What you say in the first paragraph about "multiplying through" is
true,
but what I am making note of what I believe is this one-to-one
correspondence between uncertainty value and g-factor value, based on
the particular state of an electron. That is, I am suggesting that
g-factors and uncertainty relationships parallel one another, and are
in
fact, different ways of viewing the same phenomenon.


Again an electron can have an infinite number of possible wave
functions and thus satisfy an infinite number of uncertainty
relations. I don't see anyway to deduce a universal single number
from this.

[Yablon]
I will beef up this discussion next pass through. However, one of the
things the uncertainty calculation demonstrates is that the statement
"an electron can have an infinite number of possible wave
functions and thus satisfy an infinite number of uncertainty relations"
is actually false, and includes a supposition which is actually not
borne out by the mathematics. Let me refer to a couple of equations in
http://jayryablon.wordpress.com/file...hwinger-20.pdf
which bear this out.

First, while I refer to V as a "potential," if you go to (4.5) and
(4.7), I should really just refer to V(x) in (4.5) and V(d/dB) in (4.7)
as "polynomial functions" of x and d/dB respectively. To say anything
more is reading in more than is strictly justified. The question then
becomes, a) what effect does this polynomial V have on the uncertainty
of the wavefunction (4.1) which contains this V?, and b) since this
quadratic V enters along with A and B, what effect do A and B have on
the uncertainty?

Now, fast forward to (7.7). This is the calculated uncertainty of the
wavefunction (4.1). It is independent of the "magnetic anomaly
hypothesis," and "seems OK" to you based on the degree to which you have
checked. (And your posts, I might add, suggest you have a pretty good
nose ;-) Because of the polynomial V in (4.1), which can really
accommodate any function one wishes, this means that wavefunction (4.1)
can be anything one wishes it to be: all one needs to do is change the
polynomial, i.e., change V. This polynomial V is the parameter we use
to accommodate an "infinite number of possible wave functions," no more
and no less than a Taylor or MacLauren series can be used to accommodate
an infinite number of functions. So, we need to look at (7.7) to tell
us in more precise terms, about the range of possible uncertainty
relationships as a function of the range of possible wavefunctions.
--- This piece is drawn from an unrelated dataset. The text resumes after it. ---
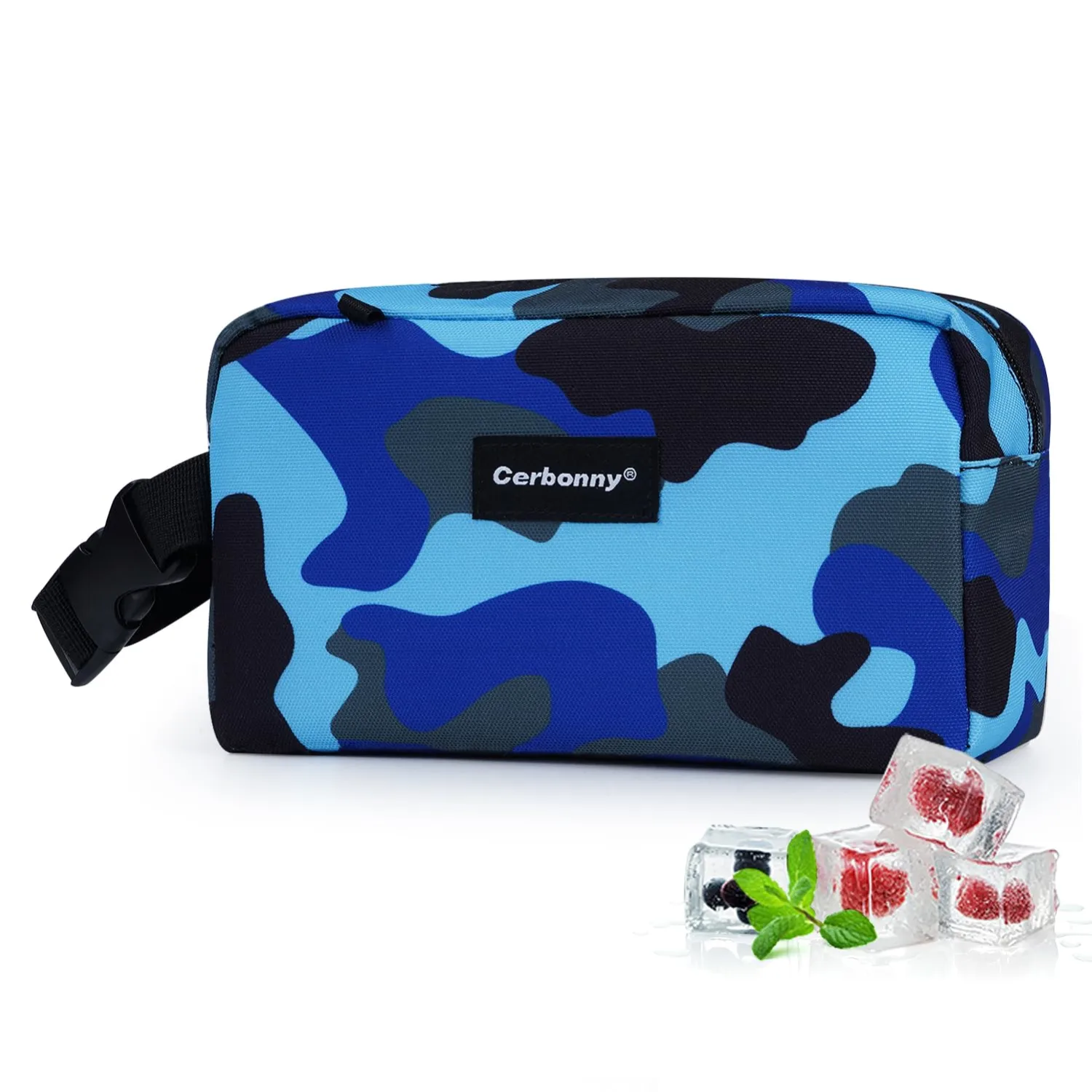 Cerbonny Small Insulated Cooler Bag, Freezable Lunch Bag for Work School Travel, 2.2L, Blue Camo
First, we see that if V=0, which leaves behind only the first and second
order term in x and d/dB and omits any higher order terms, we simply
have

delta x delta p = 1/2 hbar. (1)

This the Heisenberg as an equality, and is because of the Gaussian
nature of (4.1) when the generalized polynomial V=0. It is when there
is a non-zero V, that A and B and V and d^2V/dB^2 all affect the value
of the uncertainty. The point is this: only a non-zero value of V
affects the uncertainty.

So, what we might do with (7.7) is ask such questions as:

1) Would V (the polynomial) and A and B all be the same for all ground
state electrons? If so,then all ground state electrons would have a
single uncertainty value, and one could consider relating them to
something else which is single valued, such as the spin-based g-factor.
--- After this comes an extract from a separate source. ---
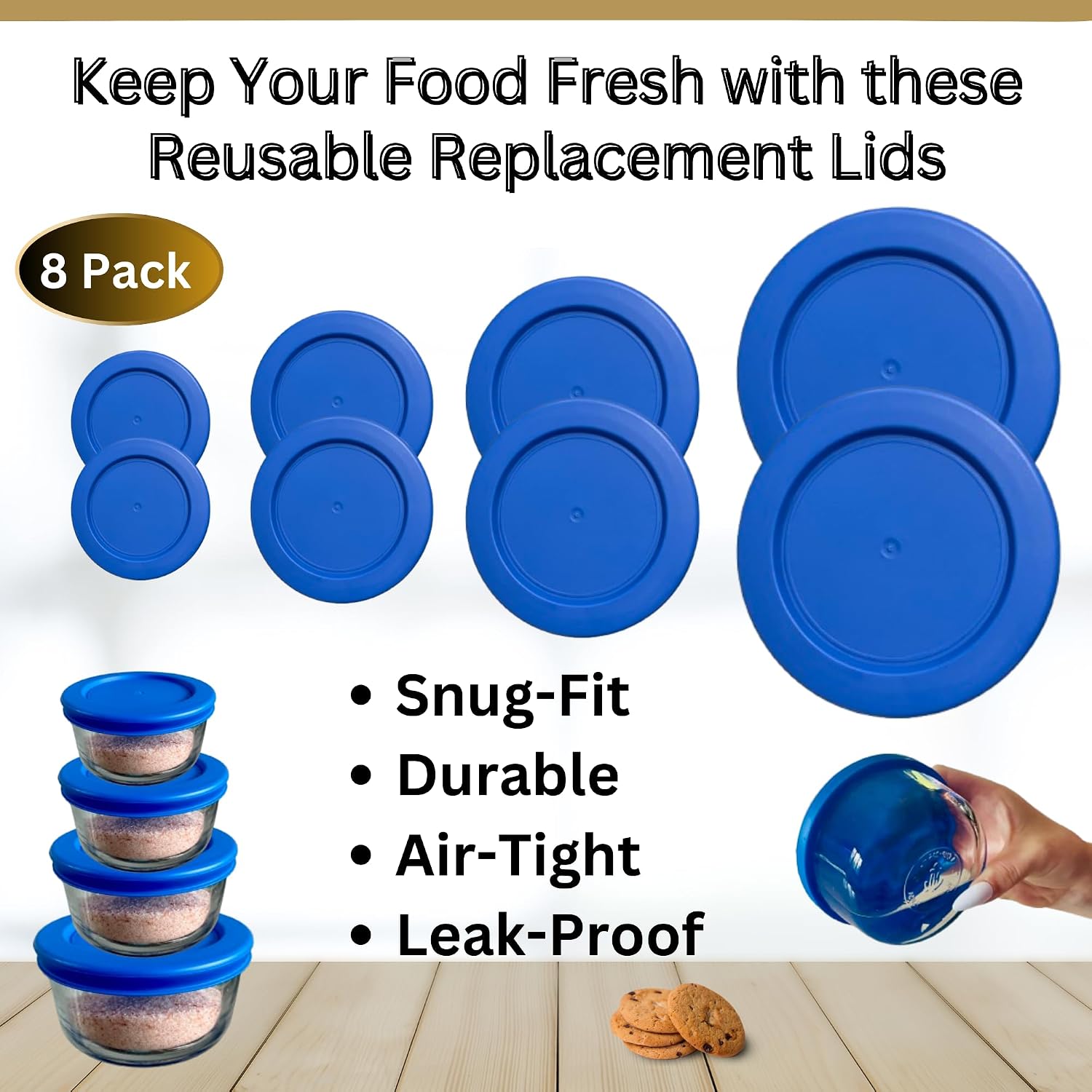 1, 2, 4 & 7 Cup Green, Orange, Blue, Red Replacement Lids/Covers for Pyrex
2) If the hypothesis I have made about the anomaly were to be true,
what else would have to be true? From (8.2) where I left off, to get
into the ballpark with Schwinger (that is, to be no further from the
observed magnetic moments than Schwinger was), one would be required to
set:

2V = alpha/2pi (2)

Thus, the polynomial V would, in fact, simply be an alternative way of
expressing the running coupling alpha -- 1/137.036. Let's flip this on
its head:

Let's simply go back to wavefunction (4.1), and substitute alpha/4pi for
V. What my proof demonstrates is that for a wavefunction (4.1) in which
(2) is employed, the uncertainty relationship WILL rise above 1/2 hbar
in precisely the same proportion that the observed spin-based g-factor
rises above 2, at least up to the level of Schwinger. So, you can say
what else you want about the hypothesis, but that is a mathematical
fact, which I will restate as such:

MATHEMATICAL FACT / THEOREM (Unless my uncertainty derivation is in
error):

Start with a wavefunction:

psi = exp [-.5Ax^2 + Bx - alpha/4pi], (3)

Where alpha is the running coupling. The ratio:

delta x delta p / (hbar/2)

is then identical to the ratio:

g/2

up the the degree of precision of Schwinger, and irrespective of A and
B. No two ways about it -- that is what the math says. From there, you
and me any anyone else can make what they wish of that fact. I will
claim no more, and no less.

END MATHEMATICAL FACT / THEOREM

Then, returning to (7.7), the deviation up or down from Schwinger's
ratio now relies on the second derivative of V (or alpha) with respect
to B. I don't know yet how to use this, but it is there.

One thing I will note and it is experimental: the electron g is less
than Schwinger's g, yet the mu and tau g are greater than the Schwinger
g. We still don't know "who ordered this" for the higher generations,
but we do know this particular experimental oddity. And, since making
sense of the higher generations, to this day, still entails reading tea
leaves, this is one clear experimental "tea leaf" of interest.

Because, what (7.7) says is that d^2V/dB^2 must be positive to drop
below Schwinger and nail the electron, while it must be *negative* to
rise up above Schwinger and nail the mu and the tau (assuming A and B
are the same for all three leptons).

So, the little bit we learn about the mu and tau versus the electron
from this tea leaf, is that they are on different sides of an
"inflection" point in the running coupling alpha. I don't know yet how
to blow on this little flame and turn it into a bonfire, but this
certainly ekes out a little bit more of an understanding than we had
before, of the higher generation leptons.

I would love to relate this to the masses of the three leptons, but
don't (yet) see that connection here.

Separate question: forgetting about the g-factor connection, do you
see
any problem in the manner in which I fleshed out the uncertainty
relationships, separately from my hypothesis connecting them to the
g-factor?


I didn't closely check everything, but it seems OK.

[Yablon]
Well, if it is OK, then all I said above is true.

Happy physics hunting!

Jay.

kp